The last time I was in the newsroom of The Richmond Times-Dispatch was Halloween of 2007, less than a year and a half ago.

Oh, what a difference an eternity makes.

Several years of sustained non-replacement-hiring, coupled with the first layoffs since the merger of Richmond’s two daily papers in 1992, have left a skeleton crew. That’s what people I know say, anyway — those who haven’t left. (That the product is still as good as it is speaks of the talent of the survivors. Trust me: Many of these people are very good.)

Richmond is hardly alone. Look at almost any daily paper. It is thinner and  has less local reporting, or at least less aggressive local reporting. For much of this decade, newspapers reduced staff, trying to “do more with less,” as the self-deluding expression goes. Reporters had to cover additional topics — and file separate stories for the Web.

Oh, yeah. That makes for good journalism. 

Readers notice. I spent four and a half days at Richmond’s Bizarre Bazaar Christmas show selling books, giving away Boomer Life — and listening to newspaper talk. I heard over and over and over again how grateful people are to be able to read the Times-Dispatch columnists again in our magazine. (Our pleasure. We now have six with the addition of Jann Malone this issue.) 

Their gratitude, though, often disintegrated into diatribes against The Times-Dispatch. No columnists. No news. Too thin. Fewer sections. Those partial-page wraparounds. (Boy, do people hate those.) Many no longer subscribe. Nearly all feel a sense of betrayal, as if the paper turned its back on them.

The sense of betrayal is understandable.

But not entirely fair.

Yes, I’m still defensive. I spent 33 years there, cared about my work and found that nearly everyone did, too. I remain oddly unamused when someone calls the paper The Times-Disgrace. (Very clever, people, but hear it 1,000 times and it really doesn’t sound as much like Noël Coward as you think.) 

No, I’m hardly enamored of every newspaper change made over the past three or four years. No one with a brain would be. My guess, though, is that no one in management arbitrarily decided: “Let’s give the people less news and a smaller paper  — less of what they want, generally — and then charge more for it!”

To those of us bleeding printer’s ink, all this is hard to believe. Love ’em or hate ’em, newspapers were an important part of Americans’ lives — and recognized as such. Not government, not big business, not the competition of radio, not the competition of television could take them down.

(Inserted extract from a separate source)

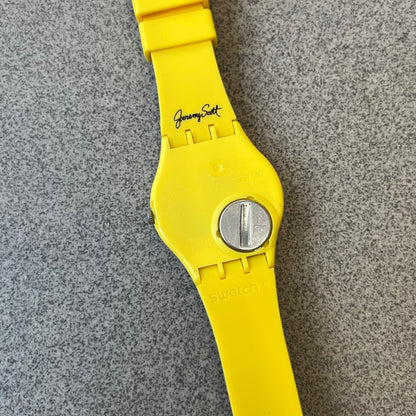 Swatch x Jeremy Scott 2011 Punk Analog Watch GZ251 is a quartz watch from the Gent Original line featuring a bright green dial with black hands and a plastic case. The design includes a comically long silicone strap with leopard print that wraps twice around the wrist, secured with multiple yellow loops, and Jeremy Scott branding on the upper strap.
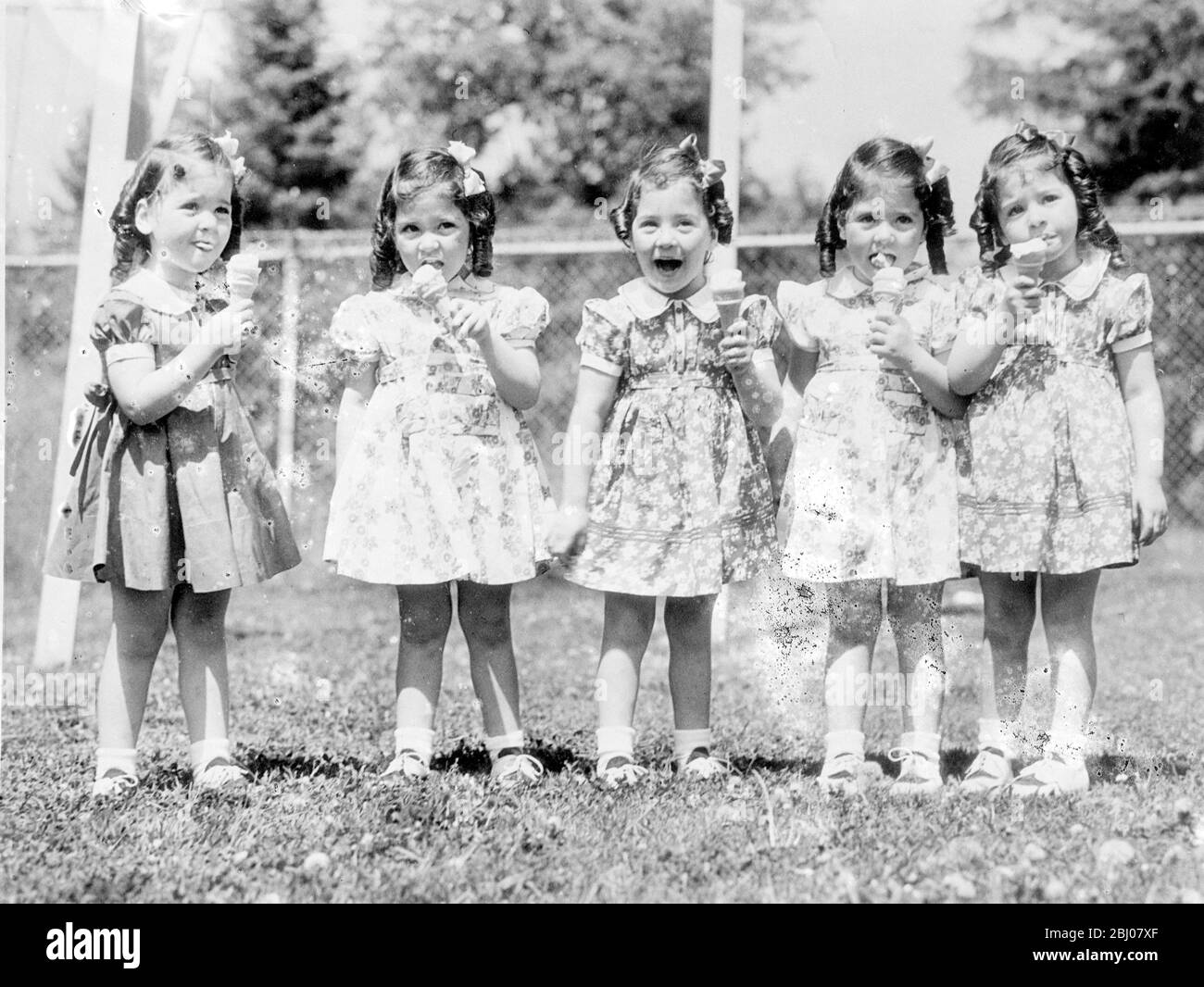 Quins are allowed ice cream now. - the Dioone quintuplets with busy tounges and smiling faces, demonstrate their liking for ice cream, a novelty for them at their Callander, Ontario, nursery. - The five girls, Emilie, Annette, Marie, Cecile and Yvonne, were allowed ice cream for the first timeat their fourth birthday. - 5 July 1938 Stock Photo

But along came the Internet. along came the internet

And along came a younger generation.

Baby boomers and seniors still will read a newspaper they hold in their hands, just as we will still buy CDs to listen to music. Not so the younger generations. Information comes through a laptop, a cell phone, an iPod. It comes in bits and bytes and without organization, Britney Spears as weighty as the economic meltdown or the Gaza Strip.

Newspapers moved their product to the Internet, trying to serve both audiences — as if that would work. Net users want it for free … so just try collecting for subscriptions from them.

Advertisers began pulling out of the paper. They didn’t necessarily go to the online version, or, if they did, they paid far less. Newspapers were “trading print dollars for Internet pennies,” in the new parlance. It doesn’t pay the bills.
In 2007, Times-Dispatch publisher Tom Silvestri gave a speech to other newspaper execs. He asked them to envision a world in which daily papers might print only one or two days a week. It was shocking and yet … plausible. When friends asked me about the industry’s future, I started speculating there might be weekend-only print papers. When? Within five to 10 years. They seemed surprised and, in truth, I was hardly sure it would happen that soon.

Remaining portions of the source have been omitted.